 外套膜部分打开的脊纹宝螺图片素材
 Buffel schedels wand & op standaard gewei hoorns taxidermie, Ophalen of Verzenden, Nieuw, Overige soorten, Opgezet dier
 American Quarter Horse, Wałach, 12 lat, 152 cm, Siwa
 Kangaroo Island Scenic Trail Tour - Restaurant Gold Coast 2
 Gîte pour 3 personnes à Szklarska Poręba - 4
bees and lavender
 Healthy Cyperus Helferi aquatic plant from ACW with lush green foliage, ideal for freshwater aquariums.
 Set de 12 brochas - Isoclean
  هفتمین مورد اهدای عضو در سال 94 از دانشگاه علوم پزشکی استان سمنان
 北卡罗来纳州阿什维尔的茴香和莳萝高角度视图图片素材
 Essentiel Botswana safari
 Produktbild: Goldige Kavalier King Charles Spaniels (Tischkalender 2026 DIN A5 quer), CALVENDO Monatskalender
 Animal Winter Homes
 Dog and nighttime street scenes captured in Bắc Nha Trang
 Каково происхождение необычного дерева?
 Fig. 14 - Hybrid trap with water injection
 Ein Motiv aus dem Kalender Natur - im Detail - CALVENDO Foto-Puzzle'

THE TASK | Lines from the one containing "Dog and nighttime" through the last line of the records, both included, are the only ones to print, each exactly as it is.

EXERCISE RESPONSE |
 Dog and nighttime street scenes captured in Bắc Nha Trang
 Каково происхождение необычного дерева?
 Fig. 14 - Hybrid trap with water injection
 Ein Motiv aus dem Kalender Natur - im Detail - CALVENDO Foto-Puzzle'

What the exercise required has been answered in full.